The West Antarctic ice sheet (WAIS) is undergoing rapid changes. As yet no one fully understands the reasons for these, but if the WAIS were to collapse, it would raise sea levels by about five metres.

Not surprising, then, that scientists want to know how the ice-shelves and ice streams that make up the ice sheet are behaving. Only with detailed knowledge of how the ice sheet interacts with the oceans, atmosphere and land will it be possible to predict the future of the WAIS.

Envisat’s Synthetic Aperture Radar and Radar Altimeter is helping scientists from the British Antarctic Survey to study two critical aspects of the WAIS: first, where the edge of the ice streams are in the ice shelf, and, secondly, how fast these are flowing and thinning. Only satellites can survey these remote regions.
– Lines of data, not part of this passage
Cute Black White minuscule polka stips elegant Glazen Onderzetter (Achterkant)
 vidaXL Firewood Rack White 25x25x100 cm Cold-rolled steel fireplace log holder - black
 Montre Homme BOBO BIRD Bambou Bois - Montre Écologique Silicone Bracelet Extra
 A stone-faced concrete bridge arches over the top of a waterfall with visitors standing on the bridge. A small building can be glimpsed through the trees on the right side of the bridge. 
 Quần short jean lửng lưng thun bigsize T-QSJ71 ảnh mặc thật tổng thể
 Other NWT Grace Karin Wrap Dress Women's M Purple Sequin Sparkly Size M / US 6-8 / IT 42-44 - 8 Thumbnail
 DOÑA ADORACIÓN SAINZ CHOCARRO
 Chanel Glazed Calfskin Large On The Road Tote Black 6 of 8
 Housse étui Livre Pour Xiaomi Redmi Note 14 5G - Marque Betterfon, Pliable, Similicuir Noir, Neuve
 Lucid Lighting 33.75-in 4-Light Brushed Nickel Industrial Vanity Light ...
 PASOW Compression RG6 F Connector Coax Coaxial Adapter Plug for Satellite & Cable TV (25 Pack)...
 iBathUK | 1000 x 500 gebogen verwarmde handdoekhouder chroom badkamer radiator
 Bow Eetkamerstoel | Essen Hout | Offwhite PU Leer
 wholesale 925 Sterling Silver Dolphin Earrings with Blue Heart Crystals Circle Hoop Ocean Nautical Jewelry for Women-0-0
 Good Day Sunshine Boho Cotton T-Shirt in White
Thinning of Pine Island glacier
Thinning of Pine Island glacier

Already instruments on ESA’s ERS-1 and ERS-2 satellites have shown that one glacier in the WAIS – the Pine Island Glacier – has retreated 5 km inland as a consequence of ice thinning. When these results were published in Science in February, 2001, Dr Andrew Shepherd from University College London, said: “It is of paramount importance to determine whether the thinning is accelerating. Our present theoretical understanding is not sufficient to firmly predict the future evolution of Pine Island Glacier.”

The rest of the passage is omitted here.